第238話 スコちゃん、危機一髪!
夕食を終えて、しばらく。
家族がゆったりくつろいでいる時間帯。
スコちゃんがいないのは不自然である。
いつもならば、ソファの片隅か、設置してあるベッドで苦しゅうない、と構えているものなのに。

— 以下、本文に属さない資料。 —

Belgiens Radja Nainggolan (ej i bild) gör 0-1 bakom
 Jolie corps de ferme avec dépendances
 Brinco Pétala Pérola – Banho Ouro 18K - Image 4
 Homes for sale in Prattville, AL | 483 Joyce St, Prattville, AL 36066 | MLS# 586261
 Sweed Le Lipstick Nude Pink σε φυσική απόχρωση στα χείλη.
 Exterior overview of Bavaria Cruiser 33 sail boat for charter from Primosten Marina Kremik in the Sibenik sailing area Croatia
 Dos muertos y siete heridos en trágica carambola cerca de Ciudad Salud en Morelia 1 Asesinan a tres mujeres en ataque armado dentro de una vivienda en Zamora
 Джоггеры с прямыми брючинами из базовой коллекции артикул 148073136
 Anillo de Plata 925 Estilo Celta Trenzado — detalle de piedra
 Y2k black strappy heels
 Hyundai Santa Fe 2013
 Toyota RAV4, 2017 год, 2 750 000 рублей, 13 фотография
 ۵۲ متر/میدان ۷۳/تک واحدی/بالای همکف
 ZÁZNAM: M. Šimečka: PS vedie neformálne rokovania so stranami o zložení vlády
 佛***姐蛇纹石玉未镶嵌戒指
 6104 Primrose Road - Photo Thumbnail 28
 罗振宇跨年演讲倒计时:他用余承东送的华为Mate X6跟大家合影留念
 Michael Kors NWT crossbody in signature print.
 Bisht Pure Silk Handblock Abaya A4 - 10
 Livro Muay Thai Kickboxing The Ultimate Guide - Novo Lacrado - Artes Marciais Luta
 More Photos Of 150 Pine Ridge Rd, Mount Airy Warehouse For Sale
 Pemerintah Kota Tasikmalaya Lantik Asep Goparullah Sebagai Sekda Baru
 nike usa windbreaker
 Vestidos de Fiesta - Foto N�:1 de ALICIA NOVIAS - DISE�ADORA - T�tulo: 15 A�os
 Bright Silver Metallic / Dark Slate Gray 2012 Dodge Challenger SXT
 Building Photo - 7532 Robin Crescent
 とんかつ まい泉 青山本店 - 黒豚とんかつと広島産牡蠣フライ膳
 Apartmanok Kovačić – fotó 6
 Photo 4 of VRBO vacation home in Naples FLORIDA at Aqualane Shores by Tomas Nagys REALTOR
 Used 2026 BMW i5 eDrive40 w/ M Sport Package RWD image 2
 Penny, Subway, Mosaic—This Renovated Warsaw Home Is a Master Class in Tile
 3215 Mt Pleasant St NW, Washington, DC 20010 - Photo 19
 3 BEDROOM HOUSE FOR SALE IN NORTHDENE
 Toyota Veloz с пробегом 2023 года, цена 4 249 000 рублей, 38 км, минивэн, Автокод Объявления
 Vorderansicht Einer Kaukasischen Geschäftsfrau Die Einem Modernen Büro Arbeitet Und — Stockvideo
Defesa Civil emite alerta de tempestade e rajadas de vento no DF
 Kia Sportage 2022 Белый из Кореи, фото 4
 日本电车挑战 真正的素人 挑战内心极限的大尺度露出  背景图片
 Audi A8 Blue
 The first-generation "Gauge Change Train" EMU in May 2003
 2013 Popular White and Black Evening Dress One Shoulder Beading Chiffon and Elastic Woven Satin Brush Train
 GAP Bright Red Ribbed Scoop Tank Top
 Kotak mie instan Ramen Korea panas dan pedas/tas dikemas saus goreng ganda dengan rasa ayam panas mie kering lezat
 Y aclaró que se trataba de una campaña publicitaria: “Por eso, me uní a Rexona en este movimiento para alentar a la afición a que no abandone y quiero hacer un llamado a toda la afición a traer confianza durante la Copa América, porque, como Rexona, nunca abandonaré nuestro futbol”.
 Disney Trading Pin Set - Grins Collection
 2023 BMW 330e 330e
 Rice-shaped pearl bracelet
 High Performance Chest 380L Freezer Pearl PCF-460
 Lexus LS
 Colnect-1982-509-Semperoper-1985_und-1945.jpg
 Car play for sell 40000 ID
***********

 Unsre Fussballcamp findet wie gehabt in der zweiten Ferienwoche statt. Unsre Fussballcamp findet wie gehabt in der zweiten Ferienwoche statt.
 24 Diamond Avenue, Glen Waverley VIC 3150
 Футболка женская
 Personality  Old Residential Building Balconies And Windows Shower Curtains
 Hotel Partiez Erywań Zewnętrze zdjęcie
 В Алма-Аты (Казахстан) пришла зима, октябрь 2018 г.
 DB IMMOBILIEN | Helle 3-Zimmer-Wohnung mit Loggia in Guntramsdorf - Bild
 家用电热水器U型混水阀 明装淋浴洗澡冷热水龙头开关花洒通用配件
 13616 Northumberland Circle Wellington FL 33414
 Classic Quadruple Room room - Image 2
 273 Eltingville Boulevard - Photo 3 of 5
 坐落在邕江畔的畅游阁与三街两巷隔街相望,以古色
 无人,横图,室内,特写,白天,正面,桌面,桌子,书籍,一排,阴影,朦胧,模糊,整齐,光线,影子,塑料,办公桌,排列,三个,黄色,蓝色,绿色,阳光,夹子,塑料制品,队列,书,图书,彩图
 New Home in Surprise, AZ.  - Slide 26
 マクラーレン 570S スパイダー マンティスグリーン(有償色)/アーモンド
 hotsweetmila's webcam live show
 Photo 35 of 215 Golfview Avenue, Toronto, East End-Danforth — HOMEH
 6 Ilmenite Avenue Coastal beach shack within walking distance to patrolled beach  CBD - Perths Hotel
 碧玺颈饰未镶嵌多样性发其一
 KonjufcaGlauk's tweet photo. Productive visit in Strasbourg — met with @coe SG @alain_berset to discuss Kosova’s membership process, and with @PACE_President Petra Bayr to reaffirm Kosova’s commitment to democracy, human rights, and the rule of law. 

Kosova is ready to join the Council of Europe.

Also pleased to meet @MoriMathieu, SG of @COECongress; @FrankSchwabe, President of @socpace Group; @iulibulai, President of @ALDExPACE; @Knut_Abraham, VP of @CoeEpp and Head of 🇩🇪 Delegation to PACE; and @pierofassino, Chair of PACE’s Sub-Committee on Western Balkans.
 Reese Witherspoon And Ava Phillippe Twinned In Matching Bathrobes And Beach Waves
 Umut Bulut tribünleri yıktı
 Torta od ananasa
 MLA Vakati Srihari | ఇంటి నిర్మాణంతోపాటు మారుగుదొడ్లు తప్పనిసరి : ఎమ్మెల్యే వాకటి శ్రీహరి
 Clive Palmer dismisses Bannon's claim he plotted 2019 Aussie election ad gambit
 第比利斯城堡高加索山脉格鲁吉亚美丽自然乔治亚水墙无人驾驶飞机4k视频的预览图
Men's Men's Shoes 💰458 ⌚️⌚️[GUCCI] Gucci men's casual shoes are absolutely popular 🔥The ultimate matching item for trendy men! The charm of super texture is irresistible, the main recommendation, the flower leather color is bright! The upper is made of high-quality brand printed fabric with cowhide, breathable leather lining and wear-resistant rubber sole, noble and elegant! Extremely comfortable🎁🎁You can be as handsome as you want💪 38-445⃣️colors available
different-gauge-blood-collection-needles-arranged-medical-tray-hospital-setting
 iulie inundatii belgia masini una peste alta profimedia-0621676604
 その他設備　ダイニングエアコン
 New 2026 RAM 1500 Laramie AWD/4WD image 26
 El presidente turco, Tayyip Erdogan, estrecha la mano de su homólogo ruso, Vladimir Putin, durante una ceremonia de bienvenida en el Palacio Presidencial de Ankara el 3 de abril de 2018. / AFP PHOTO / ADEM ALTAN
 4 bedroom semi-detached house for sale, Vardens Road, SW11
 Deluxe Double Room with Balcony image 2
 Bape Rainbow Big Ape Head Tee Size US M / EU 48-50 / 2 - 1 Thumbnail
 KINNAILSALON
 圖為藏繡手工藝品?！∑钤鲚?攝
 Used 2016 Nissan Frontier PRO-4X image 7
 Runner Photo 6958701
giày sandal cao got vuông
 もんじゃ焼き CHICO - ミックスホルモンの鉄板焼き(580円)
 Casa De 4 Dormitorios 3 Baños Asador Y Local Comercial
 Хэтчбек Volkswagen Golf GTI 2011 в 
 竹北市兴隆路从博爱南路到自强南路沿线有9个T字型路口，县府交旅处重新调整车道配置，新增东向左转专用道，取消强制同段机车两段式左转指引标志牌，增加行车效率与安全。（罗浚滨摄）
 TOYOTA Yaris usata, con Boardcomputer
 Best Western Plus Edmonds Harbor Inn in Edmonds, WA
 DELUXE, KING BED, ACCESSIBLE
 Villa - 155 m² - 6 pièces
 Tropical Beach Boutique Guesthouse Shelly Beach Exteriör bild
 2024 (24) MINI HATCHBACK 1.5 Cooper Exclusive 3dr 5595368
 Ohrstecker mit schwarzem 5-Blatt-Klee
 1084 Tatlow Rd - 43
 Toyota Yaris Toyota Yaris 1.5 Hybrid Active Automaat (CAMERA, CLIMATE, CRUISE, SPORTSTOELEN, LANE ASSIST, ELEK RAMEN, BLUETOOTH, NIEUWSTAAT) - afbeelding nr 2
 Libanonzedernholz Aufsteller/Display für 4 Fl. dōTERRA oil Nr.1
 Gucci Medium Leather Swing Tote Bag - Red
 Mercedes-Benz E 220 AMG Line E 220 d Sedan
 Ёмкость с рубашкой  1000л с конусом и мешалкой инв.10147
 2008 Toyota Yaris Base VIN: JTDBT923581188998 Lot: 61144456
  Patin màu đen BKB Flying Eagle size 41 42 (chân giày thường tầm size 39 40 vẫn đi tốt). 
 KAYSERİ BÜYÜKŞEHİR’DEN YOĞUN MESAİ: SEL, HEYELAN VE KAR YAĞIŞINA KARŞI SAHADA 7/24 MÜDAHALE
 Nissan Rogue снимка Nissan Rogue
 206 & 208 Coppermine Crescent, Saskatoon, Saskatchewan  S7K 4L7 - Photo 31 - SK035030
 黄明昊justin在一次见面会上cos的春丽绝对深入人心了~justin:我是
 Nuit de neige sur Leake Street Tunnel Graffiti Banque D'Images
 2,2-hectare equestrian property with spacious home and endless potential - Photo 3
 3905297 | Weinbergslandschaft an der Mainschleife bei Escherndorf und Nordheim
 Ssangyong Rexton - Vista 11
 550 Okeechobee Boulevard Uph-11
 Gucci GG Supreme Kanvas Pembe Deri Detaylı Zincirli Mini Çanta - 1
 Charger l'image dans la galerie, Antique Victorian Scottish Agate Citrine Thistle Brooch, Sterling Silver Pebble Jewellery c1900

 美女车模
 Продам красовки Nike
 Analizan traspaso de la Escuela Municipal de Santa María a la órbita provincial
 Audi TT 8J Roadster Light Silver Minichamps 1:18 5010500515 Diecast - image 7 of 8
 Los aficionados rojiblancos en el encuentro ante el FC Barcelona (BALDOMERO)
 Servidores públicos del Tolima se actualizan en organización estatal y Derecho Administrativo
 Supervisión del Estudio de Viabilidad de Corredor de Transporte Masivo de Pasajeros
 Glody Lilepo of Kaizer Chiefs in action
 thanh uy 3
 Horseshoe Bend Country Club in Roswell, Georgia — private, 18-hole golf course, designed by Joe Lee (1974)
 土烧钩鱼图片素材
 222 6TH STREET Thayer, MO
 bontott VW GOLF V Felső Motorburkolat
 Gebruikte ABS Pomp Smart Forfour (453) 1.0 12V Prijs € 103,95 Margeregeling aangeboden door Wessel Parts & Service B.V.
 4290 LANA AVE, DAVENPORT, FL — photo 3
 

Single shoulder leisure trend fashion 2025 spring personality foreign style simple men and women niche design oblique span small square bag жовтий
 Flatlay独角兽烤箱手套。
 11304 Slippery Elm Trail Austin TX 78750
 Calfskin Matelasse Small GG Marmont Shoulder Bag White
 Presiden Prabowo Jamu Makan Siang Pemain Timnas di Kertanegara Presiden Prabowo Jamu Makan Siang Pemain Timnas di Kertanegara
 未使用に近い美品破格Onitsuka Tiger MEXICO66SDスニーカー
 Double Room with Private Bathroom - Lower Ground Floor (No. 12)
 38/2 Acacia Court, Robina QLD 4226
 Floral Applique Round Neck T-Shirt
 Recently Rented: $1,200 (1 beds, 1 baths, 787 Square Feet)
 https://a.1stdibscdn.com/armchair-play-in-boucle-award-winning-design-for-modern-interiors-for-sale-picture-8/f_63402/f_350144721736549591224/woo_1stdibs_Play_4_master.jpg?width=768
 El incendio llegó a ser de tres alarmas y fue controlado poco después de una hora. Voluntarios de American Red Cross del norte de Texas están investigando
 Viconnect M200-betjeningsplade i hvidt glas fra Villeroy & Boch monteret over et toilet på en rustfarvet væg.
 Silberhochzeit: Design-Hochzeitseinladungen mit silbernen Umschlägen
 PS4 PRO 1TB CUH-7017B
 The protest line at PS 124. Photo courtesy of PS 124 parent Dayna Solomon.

私が食事をしている間、背後でぺったりおなかを床につけて見守っているはずなのに。
スコちゃんがいない。
呼んでもいない。
出てこない。
祖母の部屋にもトイレにも、お風呂場にも、書庫にも倉庫にもいない!
緊急事態だ! でも、ひとつ探していないところがあった。
それは……ベランダだぁ!
祖母が雨戸を閉めるとき必ずと言っていいほど、ベランダに飛び出して行ってしまう彼女だったりするので、念のため。
開けたら、いたー!
小雨の降る中、うろうろしてたので、リビングに招き入れる。
祖母は雨戸を閉めるときに、スコちゃんをベランダに出してしまうことがよくある。
今回は祖母に聞いても知らんふりされたので、悪意ととる。
ささいなことではあるけれど、もしもスコちゃんが一晩中表にいたらと思うと、不憫を通り越して悲劇!
祖母は、最近認知症の気配を醸している。
ゆうべはお風呂に入ったはずなのに「わすれた」と言っている。
母も母で、「風呂入ったかな?」と娘に聞いてくる始末。
憶えててくれよ!;;
認知症って、それまで築いてきた人間関係やらキズナだとかを、破壊するので回避してほしい。
そして、スコちゃんをいじめないでほしい。